On the last day of 2019, foreign exchange company Travelex was hit by cyber attackers wielding the Sodinokibi (aka REvil) ransomware. More than a week later, the company’s websites and online services are still offline despite the company’s remediation efforts.
“Travelex has proactively taken steps to contain the spread of the ransomware, which has been successful. To date, the company can confirm that whilst there has been some data encryption, there is no evidence that structured personal customer data has been encrypted. Whist Travelex does not yet have a complete picture of all the data that has been encrypted, there is still no evidence to date that any data has been exfiltrated,” the company stated on Tuesday.
“Having completed the containment stage of its remediation process, detailed forensic analysis is fully underway and the company is now also working towards recovery of all systems. To date Travelex has been able to restore a number of internal systems, which are operating normally.”

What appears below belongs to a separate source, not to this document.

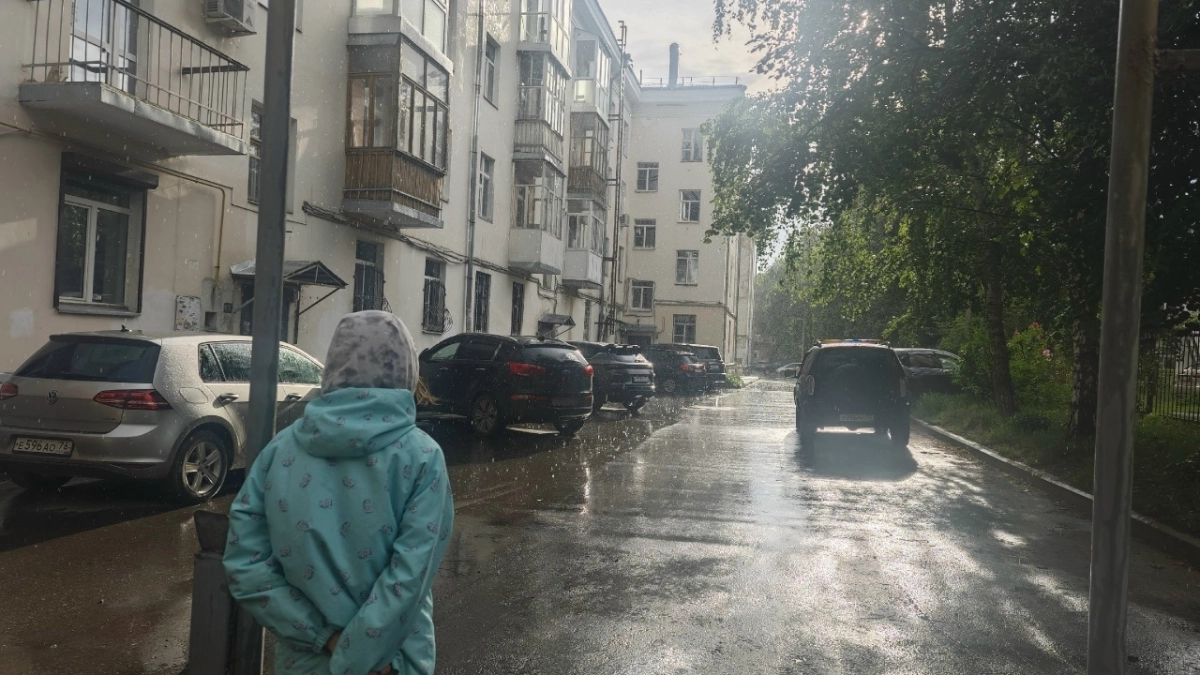 Синоптики предупреждают жителей Тамбова о ливнях и усилении ветра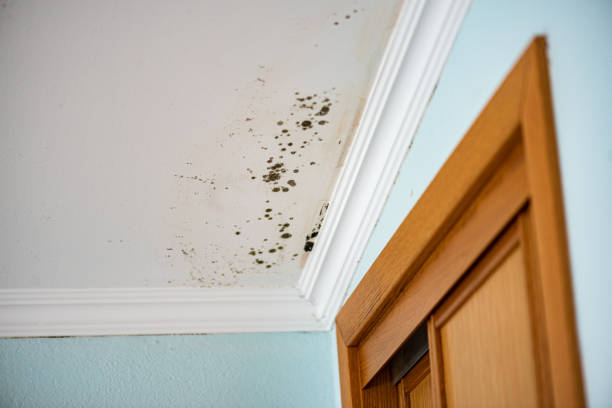 Best Home Mold Removal  in Gun Barrel City, TX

IT specialists and cyber security experts are working on getting everything back in order, but the company did not say when they expect to resume normal operations. The attack has also disrupted the work of many banks who rely on Travelex to provide their foreign exchange services.

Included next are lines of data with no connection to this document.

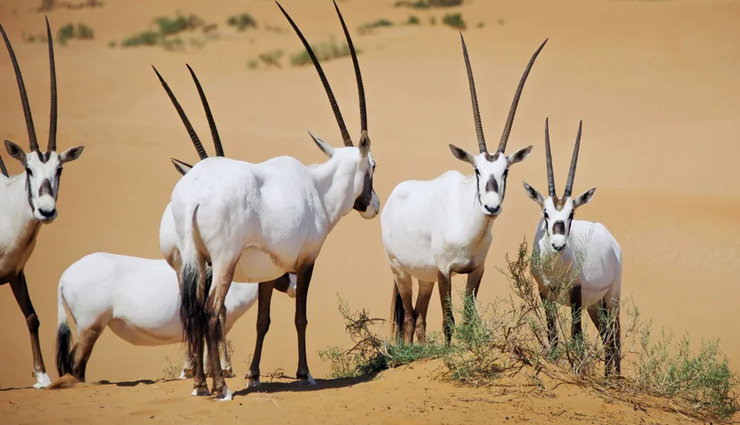 national parks you can visit in rajasthan,rajasthan tourism,rajasthan travel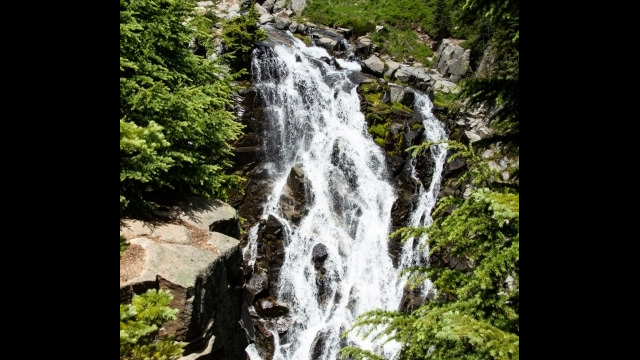 on the Skyline trail Myrtle Falls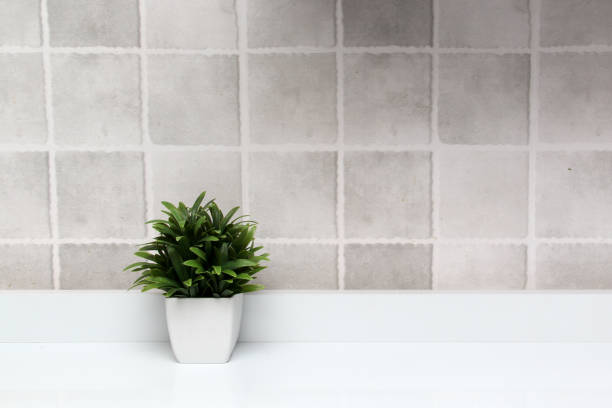 istock White pots with green plants on a white background with gray squares as a minimalist desktop or kitchen background 1393720021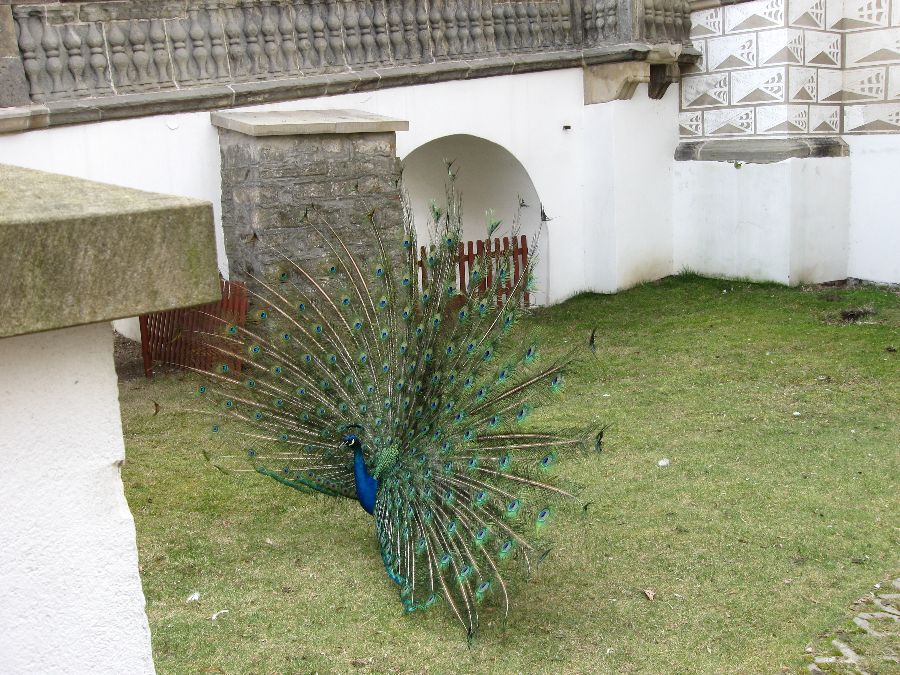 IMG_2569.JPG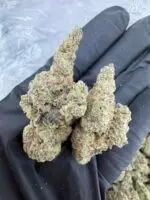 GARLIC JUICE STRAIN GMO juice strain garlic juice weed strain garlic juice strain effects garlic juice strain indica or sativa garlic juice strain review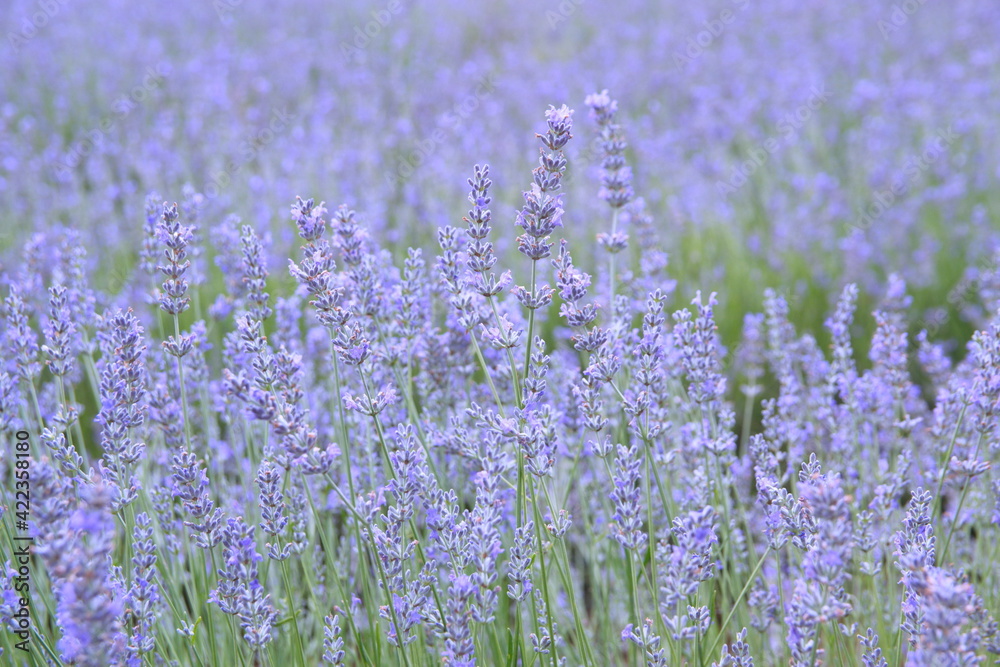 Naklejka premium Field of Lavender, Lavandula angustifolia, Lavandula officinalis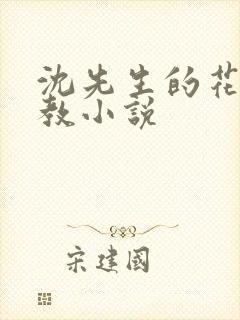 沈先生的花式调教小说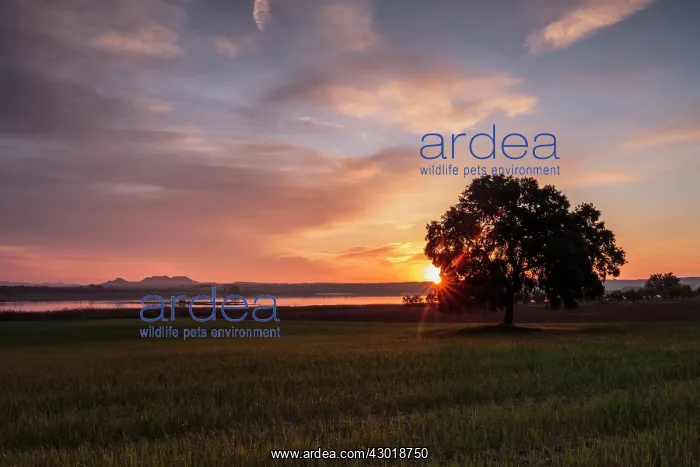 : Tree in wheat fields at sunrise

“Travelex is in discussions with the National Crime Agency (NCA) and the Metropolitan Police who are conducting their own criminal investigations, as well as its regulators across the world,” the company added.
The BBC reports that the attackers are asking for $6 million (£4.6 million) in exchange for giving the firm access to its encrypted files, and are threatening to publicly release 5GB of customers’ personal data if Travelex doesn’t pay the ransom.
The attackers claim to have had access to the company’s computer network for the last six months, which allowed them to download customer data.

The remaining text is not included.